Exactly reproduce the lines from the one holding "Задачи медицинской микробиологии" through the end of the records, including both boundary lines but no pictures.

Scraped caption text data:
====

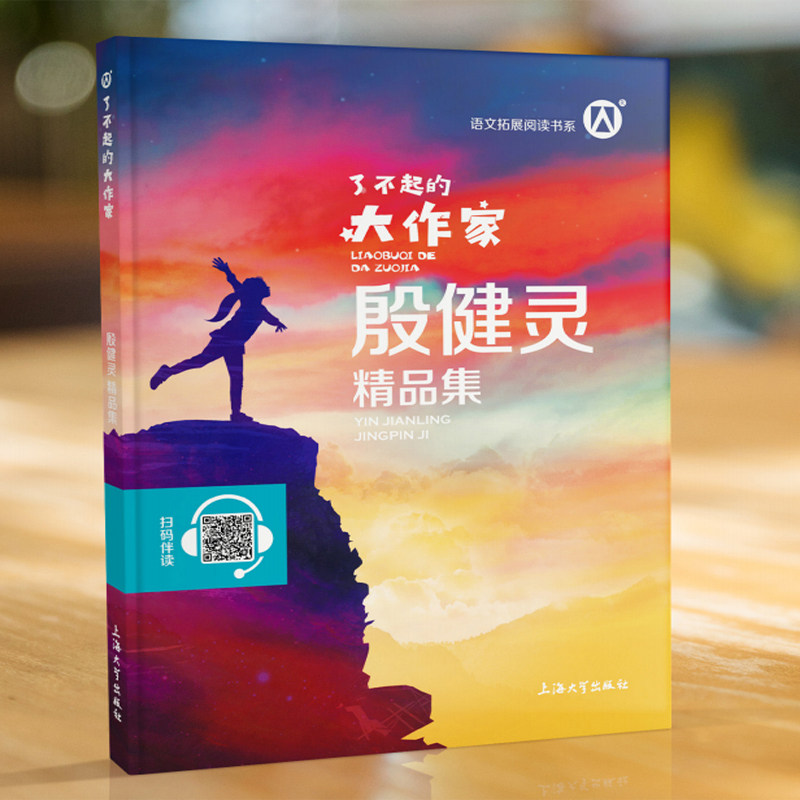 正版钟书图书 了不起的大作家 殷健灵精品集 部编版版语文拓展阅读书系 上海大学出版社fb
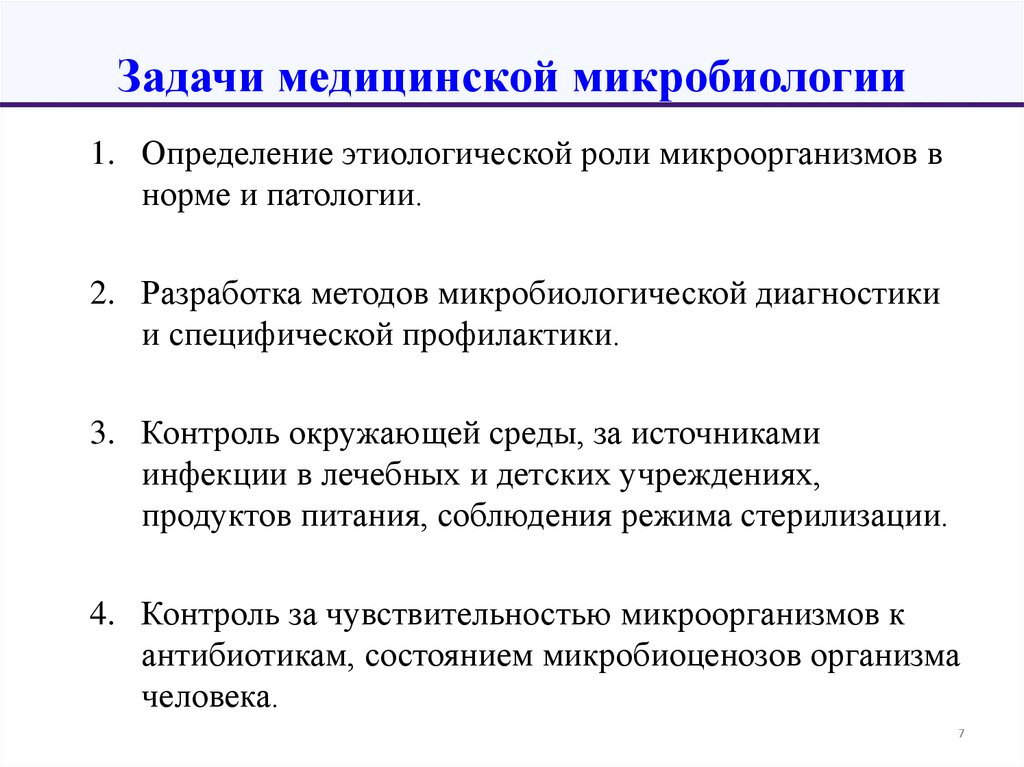 Задачи медицинской микробиологии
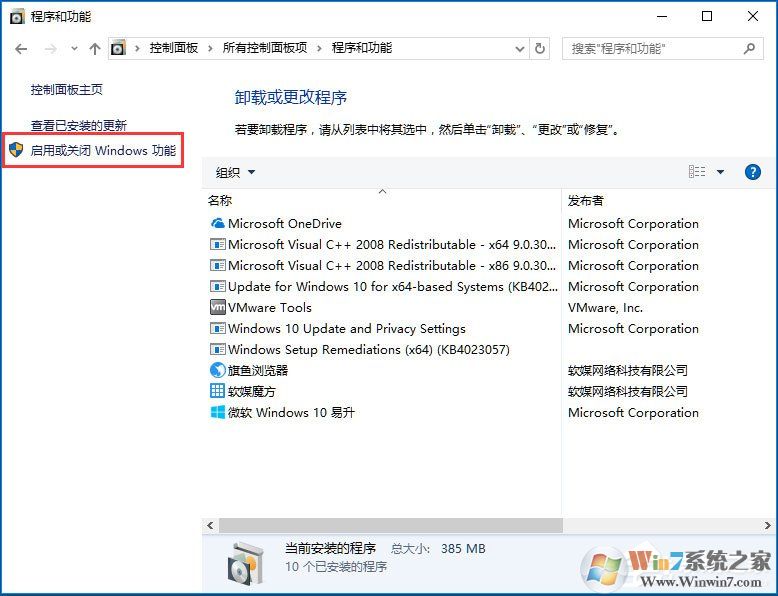 Win10提示“telnet不是內(nèi)部或外部命令”怎么辦？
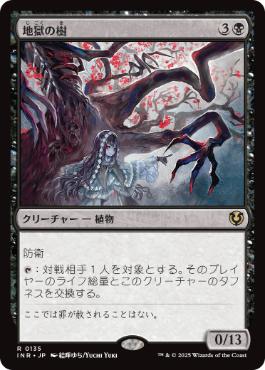 [135]【JP】地獄の樹/Tree of Perdition【INR】[R][黒]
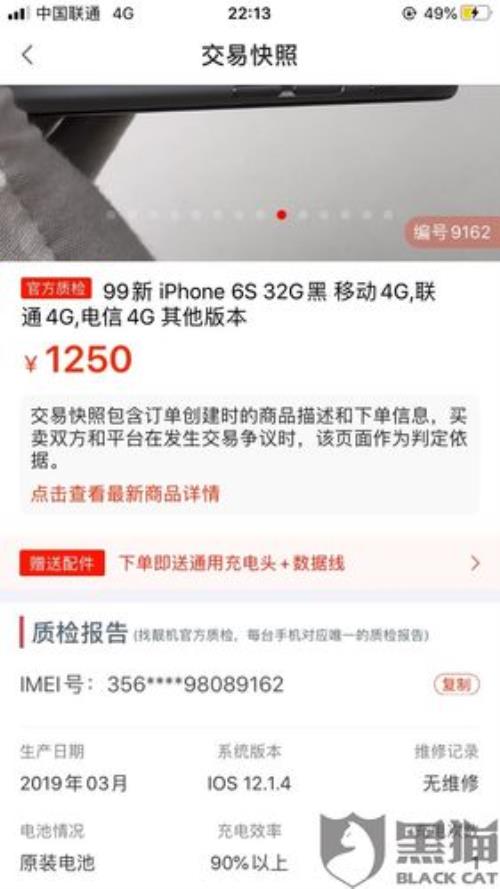 找靓机一般保修多久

====

* _Answer to the problem_:
 Задачи медицинской микробиологии
 Win10提示“telnet不是內(nèi)部或外部命令”怎么辦？
 [135]【JP】地獄の樹/Tree of Perdition【INR】[R][黒]
 找靓机一般保修多久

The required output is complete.